Managing Director of mortgage financier Newbuild, Ian Webb, says a major obstacle for new home builders has always been the ‘unaffordability’ of the process, not the actual house, because people are required to live somewhere and pay rent while they wait eight to twelve months for the house to be built. 

"Now we can structure the loan to the needs of the borrower. For example, they may want to make a progress payment, interest only payments, or no payments while building is in progress.

"It depends on the buyer and their financial position, but for example, interest can be capitalised (added to the loan). We also build in funding for contingencies, and any unused funds belong to the customer and are returned to them at the end of the build process."

"When you have the option of building with a deposit from five per cent for residential owner occupiers, and from ten percent deposit for residential investors, it’s a no brainer to build in this market,” said Bull.

Although first home buyers may be increasingly looking to build in Auckland, based on home building inquiries, the latest data on building consents released today by Statistics New Zealand shows a downward trend across most of the country. 

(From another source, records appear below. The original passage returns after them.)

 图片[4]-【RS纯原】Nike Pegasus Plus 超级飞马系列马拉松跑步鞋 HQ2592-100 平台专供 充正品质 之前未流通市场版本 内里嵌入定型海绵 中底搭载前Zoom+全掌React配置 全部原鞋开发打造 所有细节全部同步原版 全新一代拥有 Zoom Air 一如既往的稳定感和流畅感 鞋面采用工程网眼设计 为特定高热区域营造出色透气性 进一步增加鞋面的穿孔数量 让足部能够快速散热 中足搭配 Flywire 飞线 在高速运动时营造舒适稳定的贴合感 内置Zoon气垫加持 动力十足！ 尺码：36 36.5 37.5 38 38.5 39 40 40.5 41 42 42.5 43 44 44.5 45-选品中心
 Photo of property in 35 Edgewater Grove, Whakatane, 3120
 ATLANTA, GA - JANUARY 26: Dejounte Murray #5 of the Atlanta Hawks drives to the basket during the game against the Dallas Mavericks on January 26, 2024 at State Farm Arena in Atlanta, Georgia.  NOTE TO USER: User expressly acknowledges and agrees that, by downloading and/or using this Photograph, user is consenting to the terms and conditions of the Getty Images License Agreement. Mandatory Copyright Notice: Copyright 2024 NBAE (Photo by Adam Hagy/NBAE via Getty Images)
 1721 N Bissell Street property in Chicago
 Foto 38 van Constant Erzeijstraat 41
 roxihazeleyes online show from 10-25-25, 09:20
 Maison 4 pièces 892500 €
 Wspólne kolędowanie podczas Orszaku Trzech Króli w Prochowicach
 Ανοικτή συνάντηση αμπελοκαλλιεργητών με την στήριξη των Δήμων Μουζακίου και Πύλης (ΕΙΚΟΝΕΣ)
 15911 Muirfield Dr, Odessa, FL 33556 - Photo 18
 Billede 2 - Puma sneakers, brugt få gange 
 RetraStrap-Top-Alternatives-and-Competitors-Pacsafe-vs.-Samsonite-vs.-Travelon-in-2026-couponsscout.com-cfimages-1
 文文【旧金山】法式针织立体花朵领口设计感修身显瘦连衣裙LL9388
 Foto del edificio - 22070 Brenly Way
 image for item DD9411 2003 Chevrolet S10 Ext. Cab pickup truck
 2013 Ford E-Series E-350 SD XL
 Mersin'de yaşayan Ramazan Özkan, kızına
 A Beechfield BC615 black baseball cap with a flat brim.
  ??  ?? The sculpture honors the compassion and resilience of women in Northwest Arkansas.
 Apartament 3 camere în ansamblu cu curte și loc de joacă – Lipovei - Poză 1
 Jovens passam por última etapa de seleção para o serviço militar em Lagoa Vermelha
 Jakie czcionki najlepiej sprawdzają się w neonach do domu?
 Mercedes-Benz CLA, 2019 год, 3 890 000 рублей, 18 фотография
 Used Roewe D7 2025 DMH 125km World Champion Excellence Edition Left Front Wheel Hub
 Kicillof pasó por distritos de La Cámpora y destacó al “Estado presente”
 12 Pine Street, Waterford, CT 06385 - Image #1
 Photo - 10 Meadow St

The trend for the number of new homes consented has decreased nationally by 15% in the five months to January 2017, after reaching a 12-year high in August 2016.

The trend excludes monthly volatility to give a clearer picture of underlying changes in home building intentions.

“Most regions appear to have contributed to the recent decrease in residential consents, although Canterbury is the most significant contributor, followed by Auckland,” business indicators senior manager, Neil Kelly said.

“However, building consents are quite volatile at a regional level. Canterbury is showing a sustained decrease from its post-quake peak, whereas Auckland is still close to a 12-year high and is now consenting over 10,000 homes a year.”

Building consents are an indicator of future building activity, and almost all consented work is eventually completed. The recent building consent decreases are not reflected in the latest building activity statistics, which showed that building work continued to increase in the December 2016 quarter.

Although the trend is decreasing, the seasonally adjusted number of new homes consented rose 0.8% in January. Weakness for stand-alone houses was offset by strength for apartments and townhouses.